**Work item:**
Output the entries in full and verbatim, pictures omitted.

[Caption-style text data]
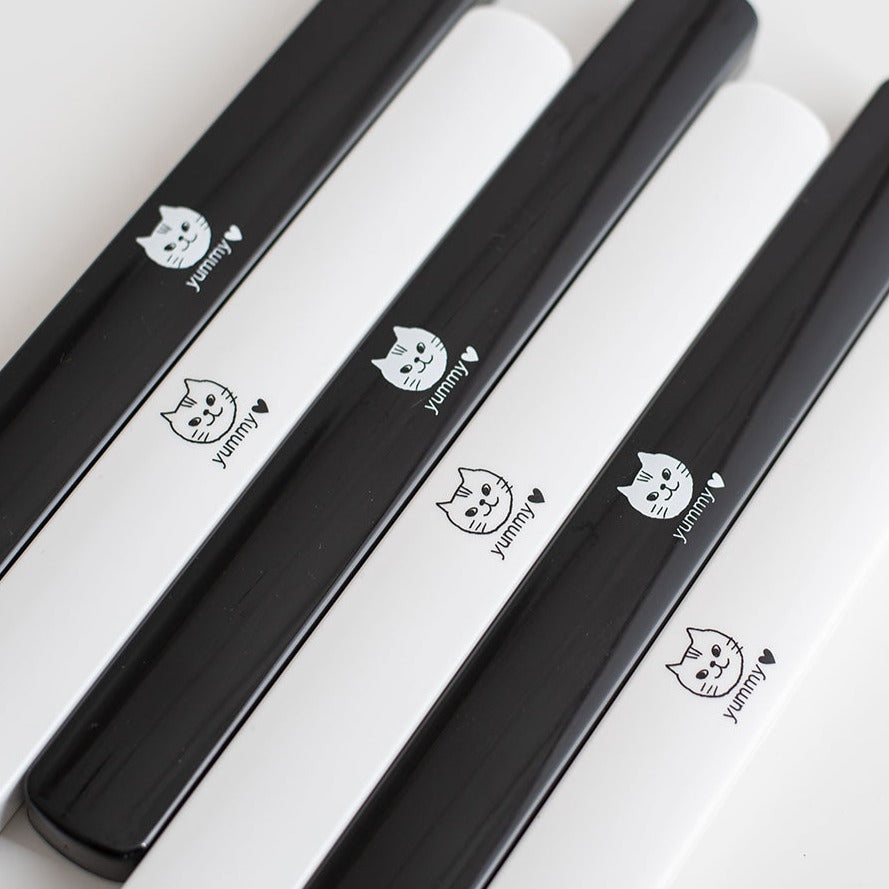 Maru Japanese Style Eco-friendly Chopsticks With Box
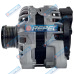 Alternador SEG F000BL07VP Renault 9665617780 Alternador SEG F000BL07VP Renault 9665617780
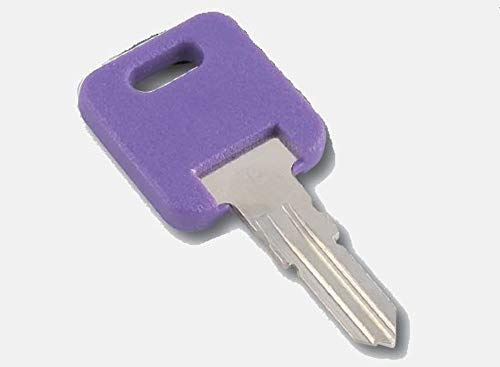 AP Products 013-690322 Global Replacement Key #322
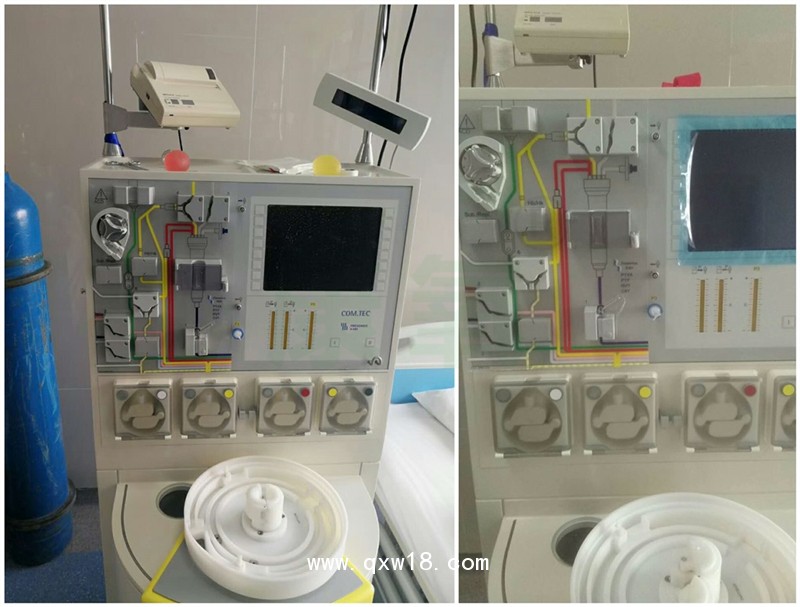 血液成分分離機(jī)Blood Cell Separator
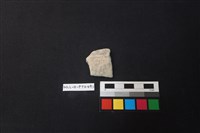 陶片藏品圖，第1張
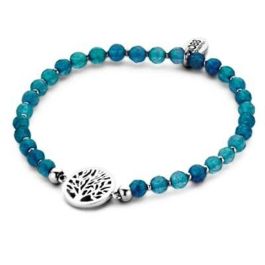 Pulsera Mujer CO88 Collection 8CB-90226 Azul Precio: 59.50000034. SKU: B1F5HXS7TK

**Output of the task:**
 Maru Japanese Style Eco-friendly Chopsticks With Box
 Alternador SEG F000BL07VP Renault 9665617780 Alternador SEG F000BL07VP Renault 9665617780
 AP Products 013-690322 Global Replacement Key #322
 血液成分分離機(jī)Blood Cell Separator
 陶片藏品圖，第1張
 Pulsera Mujer CO88 Collection 8CB-90226 Azul Precio: 59.50000034. SKU: B1F5HXS7TK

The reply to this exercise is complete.